In fact, Wang Gongquan, who believes wholeheartedly in peace, has never in any way disturbed the public order. His true crime is most accurately “the crime of the citizenship,” the crime of striving to be a competent citizen, the crime of striving for the civil rights guaranteed by the constitution.
This means that the criminal detention of Wang Gongquan is an important signal of the current political situation in China. In November last year, I gave a talk at Northwest University of Political and Law titled, “Civil Society is the Bottom Line, and the Bottom Line is Our Lifeline” (公民社会是底线,底线就是生命线). The situation now is obvious. Civil society is under attack, not just through media attacks against constitutionalism, but also through the blatant use of tyrannical methods, of violence without the restraint of the law.

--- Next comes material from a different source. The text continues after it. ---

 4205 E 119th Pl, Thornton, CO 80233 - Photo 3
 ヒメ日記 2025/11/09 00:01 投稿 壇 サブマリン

Perhaps civil society already belongs to [what the Party has traditionally called, usually referencing foreign elements threatening the regime] “the hostile forces” (敌对势力). The pursuit of civil rights is seen as an affront to public power, and promoting peaceful transition is seen as a threat to the power elites (权贵集团). Both must be fiercely attacked. [Officials] must “show their swords,” allowing no space whatsoever.
But if calls for constitutionalism and civil society are smothered, won’t this in effect mean an open system of fascism? Is there still any chance that the Chinese nation will progress toward a modern civilization? Will the Chinese people forever be mired in barbarism? Is this not an insult to every single Chinese person?
In this sense, Wang Gongquan’s fate is far beyond a matter of personal fate. It concerns the fate of all Chinese people. Showing care for Wang Gongquan means showing care for ourselves. This is the bottom line we all share in common. There is no place left to retreat to!